Bir kişi tehlike olduğunu biliyorsa, cenaze için evini terk etmemelidir. Bu, ölü kişiye herhangi bir yarar getirmediği gibi, yaşayanlara da zarar getirir.

 

Genel olarak, bir kişi tüm tehlikelerden sakınmalıdır. Eğer yaralanmışsa, kendine kasten zarar vermiş kabul edilir. Eğer yaralanmadan kaçarsa, mucizelerin karşılıksız olarak verilmediğini anlamalıdır. Eğer kaçışı bir mucize içeriyorsa, bu mucize o kişinin değerinin karşılığında sayılır. Örneğin, bir kişi denizdeki bir fırtınadan kaçarsa, bu mucizenin karşılığı olarak gelecek ödüllerinin çoğunu kaybedebilir. Aynısı diğer pek çok durum için geçerlidir.

 

NOTLAR:

  1. Raşi. Karşılaştır.

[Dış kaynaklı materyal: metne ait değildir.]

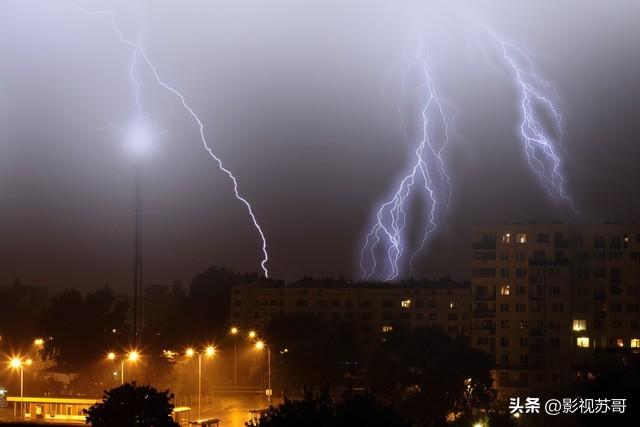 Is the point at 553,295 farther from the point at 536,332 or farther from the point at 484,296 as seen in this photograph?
the point at 484,296

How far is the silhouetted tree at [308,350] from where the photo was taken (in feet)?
132

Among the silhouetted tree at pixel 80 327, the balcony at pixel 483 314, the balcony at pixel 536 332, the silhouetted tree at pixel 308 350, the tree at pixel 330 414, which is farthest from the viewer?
the silhouetted tree at pixel 80 327

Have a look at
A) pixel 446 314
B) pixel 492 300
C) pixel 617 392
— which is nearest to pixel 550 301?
pixel 492 300

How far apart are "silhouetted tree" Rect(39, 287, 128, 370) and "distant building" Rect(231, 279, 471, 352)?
24.5 feet

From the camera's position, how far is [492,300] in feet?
131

Ramban; Teşuvot Raşba 114.
  2. Ralbag; Abarbanel.
  3. Abarbanel, sayfa 46.
  4. [Gittin 40b, Kidduşin 65b, Bava Metzia 3b.]
  5. Yad, Sanhedrin 18.
  6. Yad, Rotzeah 2.
  7. Yafeh Toar, Toledot, sayfa 388.
  8. Yoreh Deah 345.
  9. Adı geçen eserde. 116.
  10. Orah Hayim 272.
  11. Yoreh Deah, aynı yerde; Keneset HaGedolah.
  12. Bava Kama 91.
  13. Naggid U’Metzaveh.
  14. Berahot, Bölüm 7; Zohar, VaYahel.